Similarly, we often assume materials are isotropic (i.e., they have the same mechanical properties with respect to every direction within the material). One example illustrating the difference between material and structure flexibility is the assertion that the stiffness of an alloy is close to that of bone. However true this may be in the sense of material properties, it is only meaningful when the same amount of alloy is used to replace a like amount of bone. Less alloy in the same location would result in a less stiff structure than the bone replaced.
The distinction between material and structure gets even fuzzier with porous materials, especially when the pores are small. (Is porous titanium a material or a structure in which a web of titanium surrounds empty spaces?) Even the definition of porous is relatively vague. (Is it the relative volume of voids?) If so, many different porous structures could have the same relative volume. (How is pore size, and pore size distribution accounted for? What about open versus closed pores? What about the nature of the pathways through open pores, sometimes called tortuosity?) Pores may also be present only relatively close to the surface, or an entire structure might be porous. Another issue with open pores and bone ingrowth is the difference in structural properties between the more-or-less empty material and when it becomes a composite material (or structure) of metal and bone.

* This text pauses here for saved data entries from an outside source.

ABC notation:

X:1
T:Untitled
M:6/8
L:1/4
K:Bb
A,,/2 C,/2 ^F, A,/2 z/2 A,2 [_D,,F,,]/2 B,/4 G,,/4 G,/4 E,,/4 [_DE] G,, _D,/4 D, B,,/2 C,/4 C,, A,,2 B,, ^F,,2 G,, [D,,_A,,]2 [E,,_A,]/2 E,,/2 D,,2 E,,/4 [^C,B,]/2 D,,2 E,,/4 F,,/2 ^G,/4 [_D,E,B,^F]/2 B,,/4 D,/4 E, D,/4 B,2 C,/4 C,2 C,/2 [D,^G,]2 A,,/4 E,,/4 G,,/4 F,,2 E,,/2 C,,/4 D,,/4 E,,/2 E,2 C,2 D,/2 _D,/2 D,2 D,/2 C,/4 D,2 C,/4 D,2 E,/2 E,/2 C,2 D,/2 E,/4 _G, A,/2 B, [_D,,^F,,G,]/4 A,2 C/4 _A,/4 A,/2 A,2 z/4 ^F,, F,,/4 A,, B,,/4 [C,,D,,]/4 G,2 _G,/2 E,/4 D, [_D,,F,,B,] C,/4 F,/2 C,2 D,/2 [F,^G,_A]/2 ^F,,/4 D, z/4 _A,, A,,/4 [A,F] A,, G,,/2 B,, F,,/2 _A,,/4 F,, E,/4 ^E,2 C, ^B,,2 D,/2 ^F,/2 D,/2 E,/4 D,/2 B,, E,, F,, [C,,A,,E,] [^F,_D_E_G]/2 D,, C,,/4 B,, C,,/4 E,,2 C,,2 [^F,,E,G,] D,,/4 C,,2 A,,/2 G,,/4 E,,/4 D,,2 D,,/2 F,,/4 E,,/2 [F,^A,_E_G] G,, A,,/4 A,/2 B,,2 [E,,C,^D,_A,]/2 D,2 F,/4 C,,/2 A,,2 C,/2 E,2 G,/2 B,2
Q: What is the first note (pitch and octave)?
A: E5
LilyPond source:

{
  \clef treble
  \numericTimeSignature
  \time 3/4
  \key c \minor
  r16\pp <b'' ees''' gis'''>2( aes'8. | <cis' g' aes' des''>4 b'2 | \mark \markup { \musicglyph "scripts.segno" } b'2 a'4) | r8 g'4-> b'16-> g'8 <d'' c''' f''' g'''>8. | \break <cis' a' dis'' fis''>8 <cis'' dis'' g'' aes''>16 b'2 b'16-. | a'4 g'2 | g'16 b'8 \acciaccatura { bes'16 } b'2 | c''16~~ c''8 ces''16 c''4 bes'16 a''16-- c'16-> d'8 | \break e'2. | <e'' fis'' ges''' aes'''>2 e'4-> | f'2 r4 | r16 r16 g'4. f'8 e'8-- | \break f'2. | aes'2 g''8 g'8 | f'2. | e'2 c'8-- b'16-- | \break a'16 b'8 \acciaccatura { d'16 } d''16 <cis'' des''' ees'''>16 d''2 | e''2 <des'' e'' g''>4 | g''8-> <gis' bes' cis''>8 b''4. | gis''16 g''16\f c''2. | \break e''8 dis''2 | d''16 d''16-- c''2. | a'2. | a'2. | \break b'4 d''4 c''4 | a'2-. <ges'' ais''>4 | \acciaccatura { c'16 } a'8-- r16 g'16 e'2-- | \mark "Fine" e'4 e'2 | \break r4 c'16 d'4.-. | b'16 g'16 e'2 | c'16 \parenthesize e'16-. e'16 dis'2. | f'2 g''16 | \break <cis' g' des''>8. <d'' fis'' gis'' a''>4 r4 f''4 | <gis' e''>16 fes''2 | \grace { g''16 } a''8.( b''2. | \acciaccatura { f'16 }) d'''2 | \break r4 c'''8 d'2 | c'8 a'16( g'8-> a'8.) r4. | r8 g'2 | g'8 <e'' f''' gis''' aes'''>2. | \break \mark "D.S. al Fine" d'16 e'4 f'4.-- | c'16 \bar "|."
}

Nanomaterials—a topic that seems to have slipped from its earlier hype phase—also raised some unique questions, particularly as used in implanted medical devices. This includes whether adjacent cells have a physical relationship with a nanostructured surface different from the relationship of cells to a more traditional surface of the same materials. Such a relationship may occur over a range of geometric scales, although the cellular process is poorly understood. Reactive properties of a nanoized surface apart from cellular response have also been examined. Mechanical and structural issues associated with nanomaterials has not received significant attention. A regularity curiosity of nano surfaces is that some manufacturers have received 510(k) clearances for implants using this technology, meaning they were argued to be “substantially equivalent” to non-nano products, yet at the same time, these manufacturers claim unique properties.
Material and structural questions also arise in 3D printing (additive manufacturing or AM) of orthopedic and other implants, in which the process may create a solid structure or open or closed pores of different size, size distributions, and spatial distributions (e.g., coatings). These capabilities have been employed in orthopedics for complex designs and patient-specific devices.

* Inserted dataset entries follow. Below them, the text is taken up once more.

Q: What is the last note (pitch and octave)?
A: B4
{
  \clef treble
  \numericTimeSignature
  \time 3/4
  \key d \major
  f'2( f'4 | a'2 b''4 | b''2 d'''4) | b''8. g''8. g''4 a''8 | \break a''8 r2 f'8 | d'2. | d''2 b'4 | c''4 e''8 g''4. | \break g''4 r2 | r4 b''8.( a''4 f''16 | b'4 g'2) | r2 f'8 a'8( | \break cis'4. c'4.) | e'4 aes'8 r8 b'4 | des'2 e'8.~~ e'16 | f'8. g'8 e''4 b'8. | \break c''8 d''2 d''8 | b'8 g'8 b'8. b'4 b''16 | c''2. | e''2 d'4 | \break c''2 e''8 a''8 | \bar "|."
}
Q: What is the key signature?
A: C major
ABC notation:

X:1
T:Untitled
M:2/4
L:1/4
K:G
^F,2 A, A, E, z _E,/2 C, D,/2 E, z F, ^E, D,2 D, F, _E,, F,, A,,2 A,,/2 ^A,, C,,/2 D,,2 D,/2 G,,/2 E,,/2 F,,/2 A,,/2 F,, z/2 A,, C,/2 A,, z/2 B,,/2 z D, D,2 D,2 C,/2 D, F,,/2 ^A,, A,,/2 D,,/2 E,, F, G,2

AM has been addressed in a 2017 FDA Guidance Document (GD), which includes sections on material characterization and mechanical testing. Even a solid AM printed structure may have different properties parallel to the printed layers than across the printed layers, making the isotropic assumption no longer correct. This is described in the FDA’s GD as “Due to the nature of AM, devices will likely have an orientation (i.e., anisotropy) relative to the build direction and location within the build space.” The FDA also notes variation in properties within the build space may result in inherent inhomogeneity. These factors may make process quality control and validation particularly important. The fundamental nature of AM may result in a printed device having substantially different properties than a device of the same shape and size manufactured by another process. These differences may be beneficial, may be claimed to be beneficial, or may turn out not to be beneficial.
The bio-responsiveness of an AM device may also be of interest, as it is in nano. Here, the question is whether the microstructure can be manipulated to enhance a desired biological response, such as bone growth. In addition to geometry effects and mechanical properties, biological response can interact where it is believed controlled deformation can have a positive influence on tissue growth, or when cells are directly printed onto or in combination with other materials.
The program of a forthcoming ASTM meeting on Structural Integrity of Additive Manufactured Parts is instructive concerning the issues that will be addressed. These include:
- Fatigue, fracture, tensile, wear, corrosion, and creep behavior including the effects of surface roughness, build orientation, heat treatment, size and shape
- Applicability of existing mechanical test methods and the need for new tests
- Effects of process and design parameters on fatigue and fracture behavior
- Process optimization to improve structural integrity
- Defect and acceptance criteria
- Microstructure-property predictive models
- Multiscale modeling of the fatigue and fracture behavior
- Structural integrity of additively manufactured biomaterials (Cobalt Chromium, Titanium Alloys, Stainless Steels, NiTi, etc.)
The last topic focuses the discussion from materials in general to those of current interest in orthopedics. It also raises the question of the meaning of “biomaterial,” and whether that term should still be applied to a raw material, or only to the particular conditions that exist when that material is manufactured into a particular device for a specific purpose.
New fabrication methods and their capabilities are often exciting, and often trigger enthusiastic claims about benefits. However, they are not without technical challenges including proper material and structural characterization. In this regard, we should remember innovation—and even disruptive innovation—when it means new and different, may not always mean better, or even good.